Paramaribo, Suriname, 29 February 2024 – The International Organization for Migration (IOM) Caribbean Coordination Office held its fourth episode of "Conversations on Migration in the Caribbean" on 28 February 2024, at the Torarica Hotel in Paramaribo, Suriname. The panel discussion, with youth leaders from six diverse Caribbean civil society organizations (CSOs) engaged a live and online audience and explored the topic of empowering youth through more meaningful engagement in discussions on climate-induced migration. 

The young panelists represented the Aurae Opus Foundation and VIDS (Bureau Association of Indigenous Village Leaders) from Suriname; The Breadfruit Collective and SASOD from Guyana; the Dominica Association of Persons with Disabilities Inc., and the Jamaica Climate Change Youth Council.  Iulia Duca, Programme Officer at the Climate Action Division, and Focal Point for CSOs and Youth at IOM Headquarters in Geneva, moderated the Conversation.   

The Conversation was led by three topic questions:  

  1. How to promote youth engagement in climate-induced migration discussions, so youth can be part of the solution? 

  1. What skills of youth in entrepreneurship, digitalization and innovation, can be harnessed for climate action? 

  1. How to build strong leadership, for youth engagement to address climate-induced migration? 

Judy Sango, the youngest ever President of the Dominica Association of Persons with Disabilities Inc, emphasized that “Providing education and creating awareness about climate change and its impact on mobility among youth and vulnerable groups is crucial.  Inclusion in decision making processes comes secondly; ensuring the active participation of youth and vulnerable groups in decision making processes”.  Nuravni Sallons, Managing Director of the Aurae Opus Foundation in Suriname, suggested speaking to youth in their own language: “What if we create awareness in the language that they understand? For example, you can involve the youth [with a] bottle made of biodegradable material for the party.”   

Shylina Lingaard representing VIDS (Bureau Association of Indigenous Village Leaders in Suriname) noted that “Indigenous communities are known to be guardians of nature.

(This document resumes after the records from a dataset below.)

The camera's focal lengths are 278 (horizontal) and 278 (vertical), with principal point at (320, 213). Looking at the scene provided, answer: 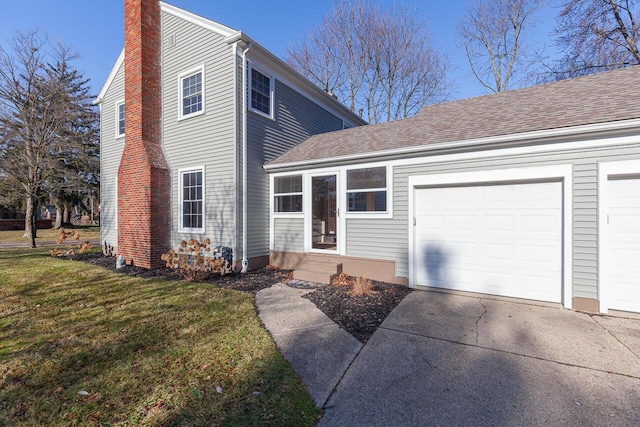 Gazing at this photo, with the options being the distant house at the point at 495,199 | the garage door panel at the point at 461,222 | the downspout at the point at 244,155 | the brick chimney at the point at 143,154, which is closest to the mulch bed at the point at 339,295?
the distant house at the point at 495,199

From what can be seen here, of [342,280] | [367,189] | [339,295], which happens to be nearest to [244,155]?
[367,189]

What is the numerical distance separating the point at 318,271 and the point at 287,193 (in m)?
2.64

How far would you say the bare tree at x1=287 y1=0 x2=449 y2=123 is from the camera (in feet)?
59.5

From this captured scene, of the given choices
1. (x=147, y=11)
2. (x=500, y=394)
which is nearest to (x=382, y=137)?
(x=500, y=394)

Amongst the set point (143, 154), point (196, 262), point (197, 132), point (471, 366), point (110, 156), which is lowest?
point (471, 366)

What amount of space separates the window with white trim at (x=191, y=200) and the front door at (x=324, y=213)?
346cm

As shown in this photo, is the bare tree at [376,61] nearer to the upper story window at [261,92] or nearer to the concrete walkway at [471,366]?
the upper story window at [261,92]

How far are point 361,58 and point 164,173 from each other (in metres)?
15.8

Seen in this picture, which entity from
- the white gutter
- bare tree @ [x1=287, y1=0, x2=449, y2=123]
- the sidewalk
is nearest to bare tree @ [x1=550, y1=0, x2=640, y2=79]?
bare tree @ [x1=287, y1=0, x2=449, y2=123]

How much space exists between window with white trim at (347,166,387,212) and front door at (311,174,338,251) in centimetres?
64

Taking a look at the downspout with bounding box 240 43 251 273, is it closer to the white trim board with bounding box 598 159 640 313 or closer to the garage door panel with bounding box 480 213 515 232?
the garage door panel with bounding box 480 213 515 232

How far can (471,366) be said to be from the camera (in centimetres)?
310

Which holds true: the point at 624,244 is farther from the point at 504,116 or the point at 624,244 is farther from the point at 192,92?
the point at 192,92

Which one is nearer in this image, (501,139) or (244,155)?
(501,139) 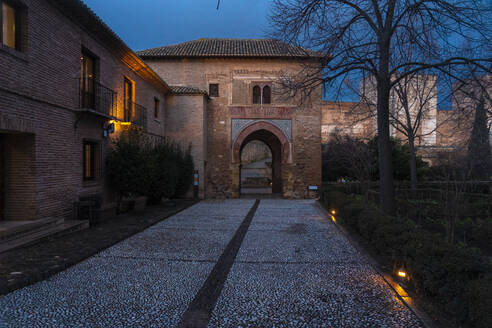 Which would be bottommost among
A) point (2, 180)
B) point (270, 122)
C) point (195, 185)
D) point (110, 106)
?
point (195, 185)

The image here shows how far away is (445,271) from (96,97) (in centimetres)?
912

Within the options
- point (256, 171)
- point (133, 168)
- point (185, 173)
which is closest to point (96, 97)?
point (133, 168)

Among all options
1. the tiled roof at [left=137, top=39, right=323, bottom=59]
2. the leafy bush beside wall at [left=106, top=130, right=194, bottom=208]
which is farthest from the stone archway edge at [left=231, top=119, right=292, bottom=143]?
the leafy bush beside wall at [left=106, top=130, right=194, bottom=208]

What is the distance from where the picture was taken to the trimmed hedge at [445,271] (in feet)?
8.81

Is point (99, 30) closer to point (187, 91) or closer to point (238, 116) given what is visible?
point (187, 91)

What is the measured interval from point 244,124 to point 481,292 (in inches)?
555

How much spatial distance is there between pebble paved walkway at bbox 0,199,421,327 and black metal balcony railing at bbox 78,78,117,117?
4440mm

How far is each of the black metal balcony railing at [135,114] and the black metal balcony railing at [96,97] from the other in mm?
901

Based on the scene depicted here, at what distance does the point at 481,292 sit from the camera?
262 cm

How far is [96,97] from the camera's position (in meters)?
9.02

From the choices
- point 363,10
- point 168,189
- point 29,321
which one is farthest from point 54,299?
point 168,189

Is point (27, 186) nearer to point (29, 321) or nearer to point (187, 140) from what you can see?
point (29, 321)

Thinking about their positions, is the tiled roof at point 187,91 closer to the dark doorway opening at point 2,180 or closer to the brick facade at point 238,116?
the brick facade at point 238,116

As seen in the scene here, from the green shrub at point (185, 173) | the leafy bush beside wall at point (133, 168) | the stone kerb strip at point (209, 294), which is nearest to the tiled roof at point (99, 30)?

So, therefore, they also have their own traditional knowledge and mobility and way of living how to maintain and protect the forest.”  Joel Simpson of SASOD Guyana noted: “It’s very important that vulnerable youth are included and are a part of the conversation, young people whose socioeconomic circumstances make them more susceptible to human rights violations.” 

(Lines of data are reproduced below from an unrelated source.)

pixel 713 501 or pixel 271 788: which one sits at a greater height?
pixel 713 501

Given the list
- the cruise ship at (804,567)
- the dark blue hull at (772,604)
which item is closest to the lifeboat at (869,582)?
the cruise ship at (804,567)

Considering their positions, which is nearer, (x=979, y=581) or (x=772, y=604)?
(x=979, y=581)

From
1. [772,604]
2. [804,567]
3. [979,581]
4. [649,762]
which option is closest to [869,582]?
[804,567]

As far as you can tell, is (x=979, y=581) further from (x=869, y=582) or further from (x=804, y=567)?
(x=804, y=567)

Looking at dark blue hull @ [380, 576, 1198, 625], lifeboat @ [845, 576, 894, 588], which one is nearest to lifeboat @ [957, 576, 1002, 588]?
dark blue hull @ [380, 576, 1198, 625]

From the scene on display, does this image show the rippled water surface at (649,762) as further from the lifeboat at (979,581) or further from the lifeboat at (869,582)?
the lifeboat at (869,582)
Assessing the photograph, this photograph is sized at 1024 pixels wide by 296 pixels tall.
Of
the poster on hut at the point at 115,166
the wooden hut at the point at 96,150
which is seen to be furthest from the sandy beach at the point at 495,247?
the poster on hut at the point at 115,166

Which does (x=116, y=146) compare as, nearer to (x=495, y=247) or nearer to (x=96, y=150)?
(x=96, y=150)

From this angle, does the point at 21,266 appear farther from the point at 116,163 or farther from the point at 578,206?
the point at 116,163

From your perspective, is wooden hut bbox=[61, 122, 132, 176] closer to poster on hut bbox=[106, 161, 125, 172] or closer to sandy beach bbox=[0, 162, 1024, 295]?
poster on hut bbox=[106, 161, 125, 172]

Christine Samwaroo of The Breadfruit Collective reminded that “When you’re thinking about everybody that's where you get the diverse solutions, and people who are closest to the problem, they are the ones that actually have the solutions.”  Dahvia Hylton, co-lead for the Research, Advocacy and Policy Development Committee within the Jamaica Climate Change Youth Council noted the engagement must be timely and recognize the voluntary nature of CSOs “The processes have to change, they have to include a lot more time, and then include a lot more space for civil society to speak.” 

The lively exchange of perspectives and experiences took place with an active audience including government representatives from Suriname, IOM and other UN agency representatives, Youth Parliamentarians, students, and other Caribbean CSO representatives, plus close to 100 online participants.  It was also broadcasted locally on STVS television channel in Suriname. 

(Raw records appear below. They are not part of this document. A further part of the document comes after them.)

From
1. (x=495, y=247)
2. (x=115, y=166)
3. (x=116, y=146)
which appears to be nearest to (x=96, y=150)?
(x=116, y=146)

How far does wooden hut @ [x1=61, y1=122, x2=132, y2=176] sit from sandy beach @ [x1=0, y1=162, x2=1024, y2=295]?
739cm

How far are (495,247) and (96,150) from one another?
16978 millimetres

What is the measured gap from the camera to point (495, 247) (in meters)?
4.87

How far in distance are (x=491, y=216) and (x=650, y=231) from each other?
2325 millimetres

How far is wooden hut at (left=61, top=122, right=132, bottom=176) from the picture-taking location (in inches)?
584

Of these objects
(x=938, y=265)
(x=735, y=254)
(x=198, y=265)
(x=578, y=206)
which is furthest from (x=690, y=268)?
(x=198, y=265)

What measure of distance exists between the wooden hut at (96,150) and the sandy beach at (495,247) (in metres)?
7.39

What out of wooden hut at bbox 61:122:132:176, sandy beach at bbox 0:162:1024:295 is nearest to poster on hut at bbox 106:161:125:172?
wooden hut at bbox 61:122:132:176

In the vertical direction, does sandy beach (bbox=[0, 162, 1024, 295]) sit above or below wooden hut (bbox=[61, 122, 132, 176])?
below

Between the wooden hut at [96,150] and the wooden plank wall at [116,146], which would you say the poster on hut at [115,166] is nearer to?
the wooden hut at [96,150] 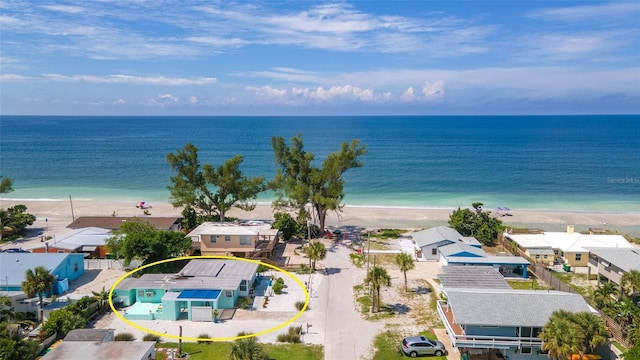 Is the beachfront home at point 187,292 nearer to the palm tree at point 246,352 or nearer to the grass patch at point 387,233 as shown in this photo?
the palm tree at point 246,352

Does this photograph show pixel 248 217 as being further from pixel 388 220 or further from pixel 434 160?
pixel 434 160

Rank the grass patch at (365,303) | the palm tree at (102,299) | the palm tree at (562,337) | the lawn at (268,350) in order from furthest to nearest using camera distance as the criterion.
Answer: the grass patch at (365,303) → the palm tree at (102,299) → the lawn at (268,350) → the palm tree at (562,337)

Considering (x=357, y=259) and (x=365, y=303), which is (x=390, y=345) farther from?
(x=357, y=259)

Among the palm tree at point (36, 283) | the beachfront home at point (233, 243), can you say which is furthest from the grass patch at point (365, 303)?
the palm tree at point (36, 283)

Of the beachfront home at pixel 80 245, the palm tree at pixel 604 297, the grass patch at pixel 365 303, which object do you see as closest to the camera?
the palm tree at pixel 604 297

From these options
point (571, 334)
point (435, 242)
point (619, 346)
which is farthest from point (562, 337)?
point (435, 242)

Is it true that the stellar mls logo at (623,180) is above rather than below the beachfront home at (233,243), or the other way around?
above

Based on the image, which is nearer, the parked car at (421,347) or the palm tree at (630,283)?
the parked car at (421,347)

Conversations on Migration in the Caribbean Episode 4 underscored the critical role of youth and other under-represented groups who are affected by climate-induced migration, in shaping effective responses and building a more inclusive and sustainable Caribbean region.  The IOM Caribbean team and all CSOs involved hope that the outcome will be tangible actions to include Caribbean youth more meaningfully in decision-making that affects their present and future.  

The panel discussion was coordinated by the IOM Caribbean Coordination Office on the fringes of a “Regional Conference on Environmental Migration and Disaster Displacement for Caribbean CSOs” being held on 29 February and 1 March 2024, in Paramaribo.  Both events are funded by the French government as part of the Caribbean component of the "Implementing Global Policies on Environmental Migration and Disaster Displacement at the Regional Level" project.  IOM Suriname also provided support to this activity.